Tonight, the Association of Bay Area Governments (ABAG) held a public hearing to explain their 25-year transportation and housing plan to residents of the San Francisco peninsula. One set of their posters summarized where they think their plan succeeds and where it fails. Let's look first at where ABAG thinks they missed their targets (click on any photo to enlarge):
Top on the list of missed targets is "reduce injuries and fatalities from collisions." Instead of a reduction, injuries and fatalities are projected to increase by 18%. Common methods for reducing traffic accidents include adding stoplights or improving signage. Apparently, these are not a priority for ABAG.
Also on the list of missed target is highway maintenance. ABAG projects that "the percentage of poor quality state highway lane-miles in the region will rise to 44 percent of the regional highway system by year 2040." In other words, despite California's ever increasing state taxes, nearly half of the Bay Area's highways will be in "poor" condition.
So, what does the plan succeed at? Where is all our ever increasing tax money going?

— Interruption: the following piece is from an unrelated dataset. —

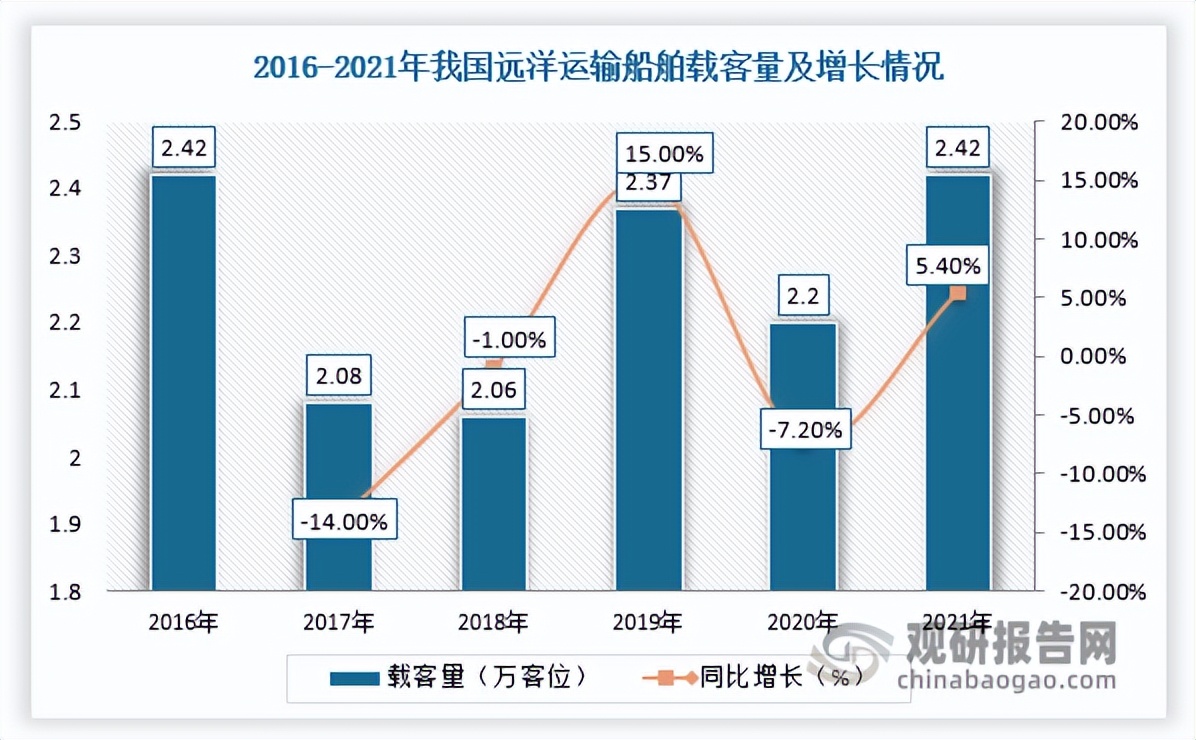 远洋运输2024行业,中国远洋股票行情分析预测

Here is the section of the poster showing ABAG's claimed successes:
ABAG's top claimed success, their "target #1," is "climate protection": their plan projects a per capita reduction in CO2 emissions of 18% by 2040.
There was a nice friendly ABAG official standing beside these posters. I asked him why they weren't instead doing more about reducing traffic fatalities. He kindly explained that it wasn't a priority while reducing CO2 was.

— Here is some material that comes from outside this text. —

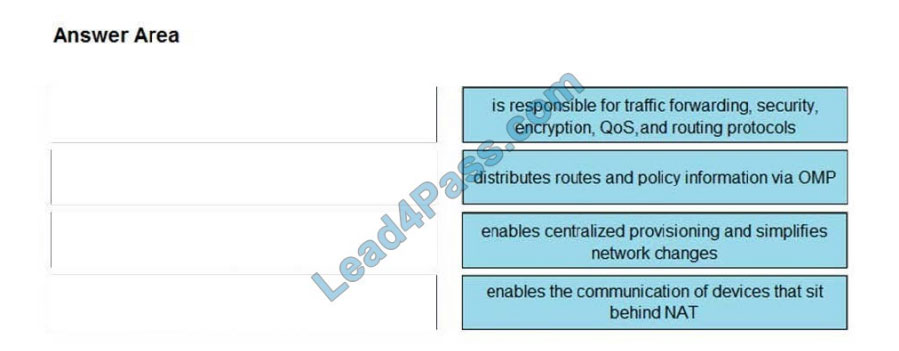 cisco 300-420 exam questions q14-1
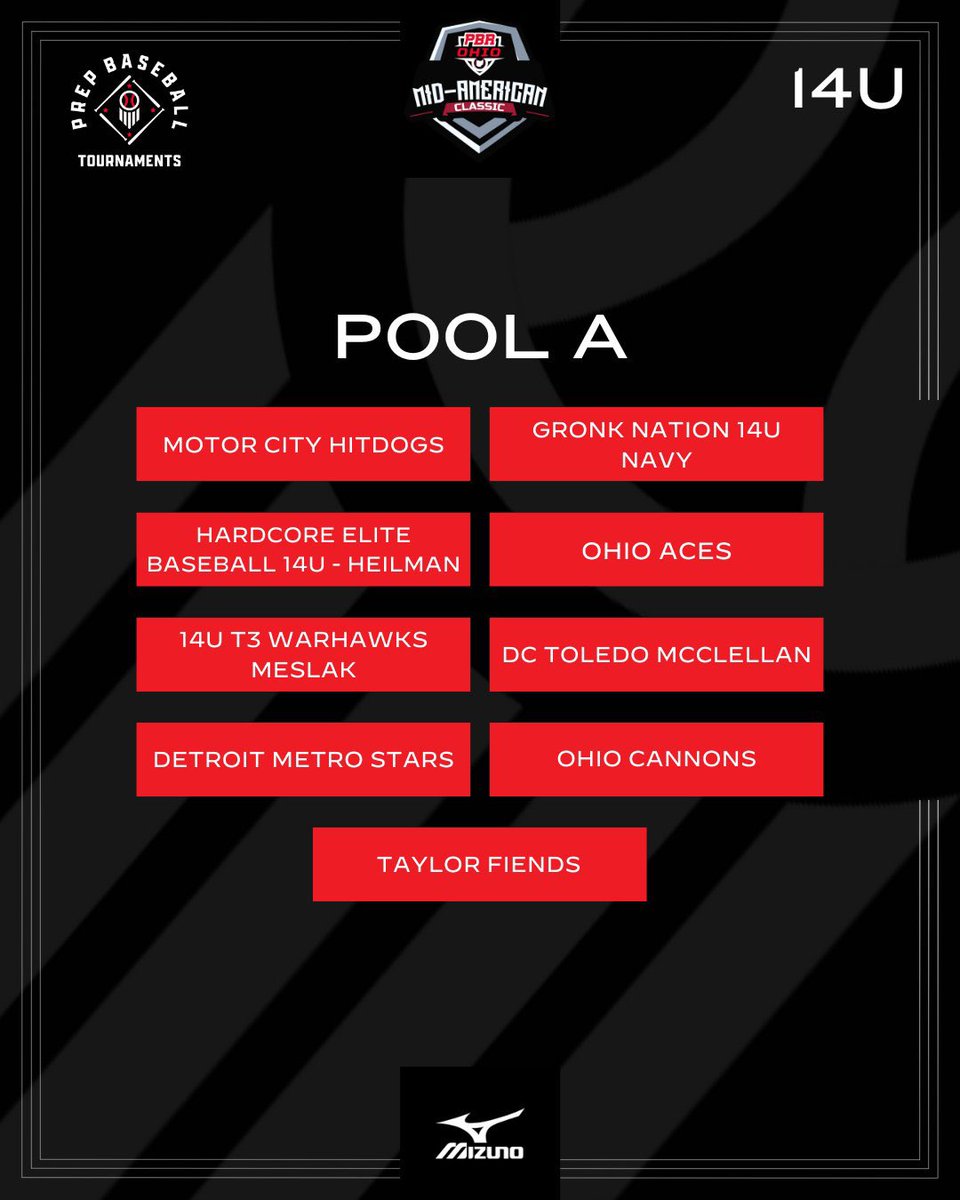 Ohio Aces Baseball tweet media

So we are going to suffer not only poor roads but also greater traffic deaths all for the goal of reducing carbon emissions. How many people will have to die in the name of Al Gore's failing theory?
MORE: Since the San Francisco Bay Area suffers from traffic congestion, I wondered what they planned to do about that in the next 25 years. The map below provides the answer:
While they do plan to improve a few interchanges (green dots on the map), they will not widen a single highway within Silicon Valley. The only highway widenings (solid red lines on the map, marked by arrows 20 and 22) are outside of Silicon Valley. The only other highway projects in their plans are "highway operational improvements," which, according to the explanation I was given, is a euphemism for making carpool lanes more restrictive.
STILL MORE: ABAG has adopted Obama's abuse of language. The chart below shows "investments":
Notice that 90% of "investments" are merely maintenance, something any accountant would recognize as an expense not an "investment."
Note also in the chart above that "road and bridge expansion" gets the same amount of money as mass transit. This happens despite the fact that the overwhelming majority of passenger-miles (90 to 97%) is traveled on roads and bridges, and not on the heavily-subsidized mass transit system. The 97% should revolt against the 3%!
Lastly, ABAG's adherence to political correctness extends well beyond a belief in global warming. To design the SF Bay Area's transportation system, they studied projections for race and ethnicity, producing plots such as this:
If you read their reports, you will see they claim that these skin pigmentation issues affect what transportation improvements will be needed.
Overall, ABAG's 25-year plan seems to be a painful confirmation of Reynold's Second Law: “The more a government wants to run its citizens’ lives, the worse job it will do at the most basic tasks of government.”